- **BRIEF**: The expected answer is the set of lines in the data below between the line holding "Toyota Corolla e10" and the line holding "Польща збудувала перші", inclusive, written out exactly.

- **RECORDS PROVIDED**:
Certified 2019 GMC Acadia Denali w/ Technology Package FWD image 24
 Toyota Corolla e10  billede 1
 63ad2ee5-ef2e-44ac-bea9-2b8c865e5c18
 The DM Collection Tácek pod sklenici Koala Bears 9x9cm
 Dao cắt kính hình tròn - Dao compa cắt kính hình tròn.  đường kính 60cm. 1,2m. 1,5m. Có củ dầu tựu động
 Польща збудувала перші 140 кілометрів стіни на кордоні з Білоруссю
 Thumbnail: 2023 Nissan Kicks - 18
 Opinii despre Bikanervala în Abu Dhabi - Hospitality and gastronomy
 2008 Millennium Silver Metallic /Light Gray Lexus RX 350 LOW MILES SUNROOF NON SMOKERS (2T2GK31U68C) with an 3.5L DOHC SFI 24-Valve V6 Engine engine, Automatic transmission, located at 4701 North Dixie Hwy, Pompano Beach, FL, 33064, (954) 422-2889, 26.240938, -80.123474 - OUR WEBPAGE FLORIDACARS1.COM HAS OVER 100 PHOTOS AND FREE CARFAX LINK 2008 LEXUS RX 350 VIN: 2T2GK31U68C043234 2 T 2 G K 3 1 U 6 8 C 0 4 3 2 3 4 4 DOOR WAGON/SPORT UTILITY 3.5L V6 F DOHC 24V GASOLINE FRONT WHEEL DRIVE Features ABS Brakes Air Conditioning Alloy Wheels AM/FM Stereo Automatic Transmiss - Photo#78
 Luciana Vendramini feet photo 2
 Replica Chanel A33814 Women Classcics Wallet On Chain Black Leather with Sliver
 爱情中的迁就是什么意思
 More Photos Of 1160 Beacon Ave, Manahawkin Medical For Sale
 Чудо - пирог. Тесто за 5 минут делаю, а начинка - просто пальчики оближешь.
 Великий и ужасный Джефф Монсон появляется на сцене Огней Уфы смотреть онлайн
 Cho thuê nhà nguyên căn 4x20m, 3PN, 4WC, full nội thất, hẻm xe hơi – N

- **THE COMPLETED TASK**:
 Toyota Corolla e10  billede 1
 63ad2ee5-ef2e-44ac-bea9-2b8c865e5c18
 The DM Collection Tácek pod sklenici Koala Bears 9x9cm
 Dao cắt kính hình tròn - Dao compa cắt kính hình tròn.  đường kính 60cm. 1,2m. 1,5m. Có củ dầu tựu động
 Польща збудувала перші 140 кілометрів стіни на кордоні з Білоруссю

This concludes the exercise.